Despite signs of economic recovery, the won-dollar exchange rate recently hit a 28-year and 4-month high. This surge is attributed to a combination of external factors, including the US Federal Reserve Chair signaling the possibility of further interest rate hikes, which strengthened the dollar and weighed on the market. The dollar index climbed to 101 on the 19th, its highest point since May of last year.
Companies held onto their dollar reserves, anticipating further currency depreciation. Despite a significant influx of dollars driven by robust exports, particularly in semiconductors, companies' reluctance to sell dollars into the market exacerbated supply-demand imbalances.
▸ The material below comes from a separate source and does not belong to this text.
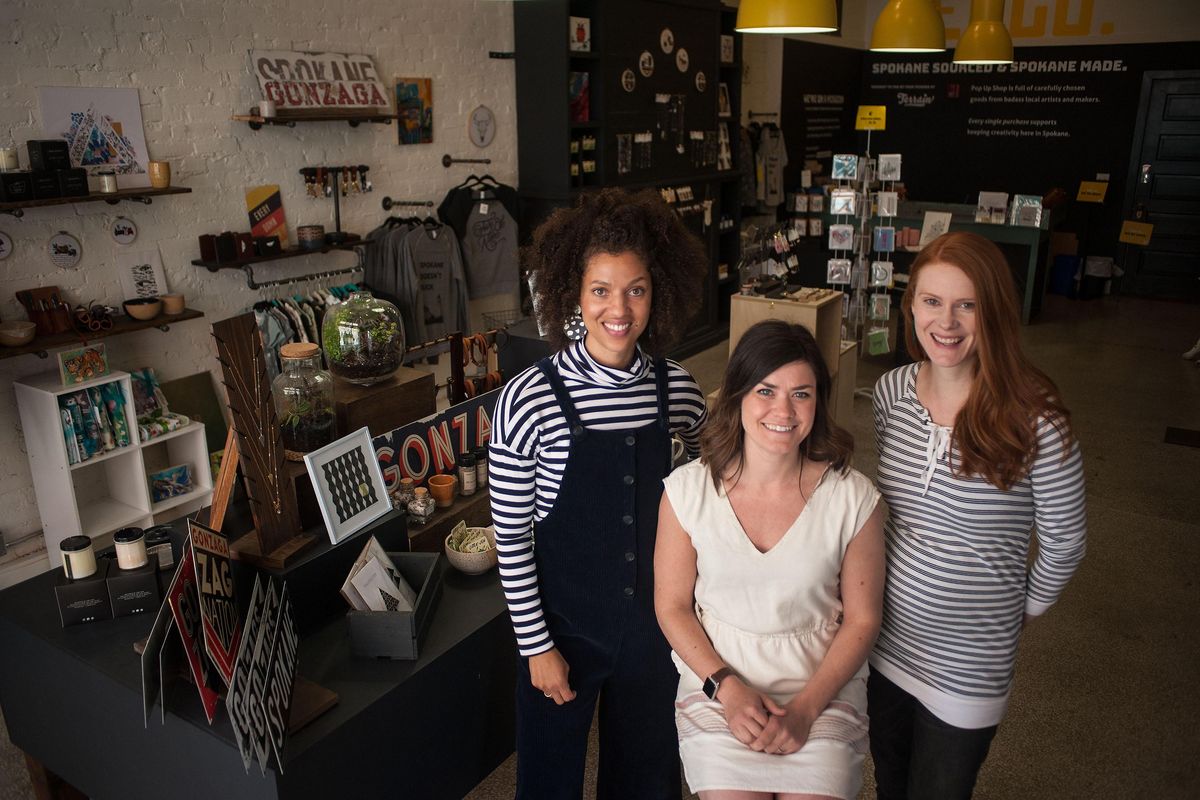 Ginger Ewing, left, co-founder and executive director of Terrain, Jackie Caro and Erin Colladay of Pop Up Shop in Steam Plant Square are preparing for the artisan shop’s move to River Park Square later this month. They are shown at the store on on Wednesday, May 1, 2019. (Kathy Plonka / The Spokesman-Review)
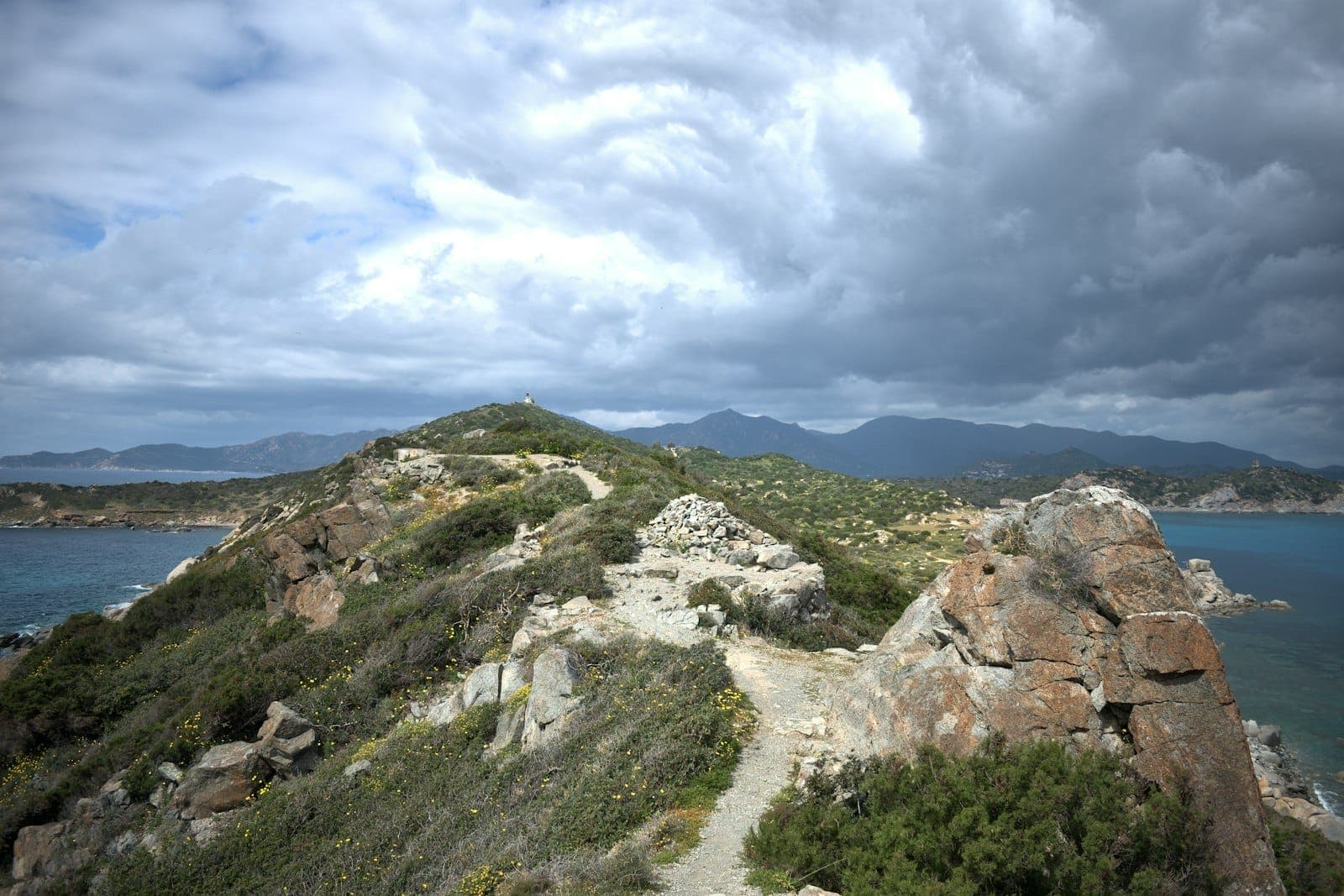 Sendero costero escarpado en lo alto de colinas rocosas en Cerdeña, con nubes dramáticas, arbustos verdes y un lejano mar azul.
The government has extended emergency measures aimed at increasing dollar supply in the market by an additional three months. These measures exempt financial institutions from paying taxes (foreign exchange prudential surcharges) when borrowing funds overseas and supplying them domestically. Authorities expect these measures to alleviate dollar shortages and stabilize the exchange rate. Amid these domestic and external conditions, the government extended the duration of existing deregulation. The Bank of Korea has also extended its interest payment measures on excess foreign currency reserve deposits held by financial institutions by six months until the end of the year. A government official explained that the extension of the foreign exchange prudential surcharge exemption was primarily aimed at facilitating domestic foreign currency liquidity supply, rather than directly defending the exchange rate.
Market analysts suggest that if the US Federal Reserve's pressure to raise interest rates eases due to slowing inflation indicators, potentially driven by falling international oil prices, the current dollar strength could reverse. Possibilities of the exchange rate falling back into the 1400-won range from July onwards have been discussed.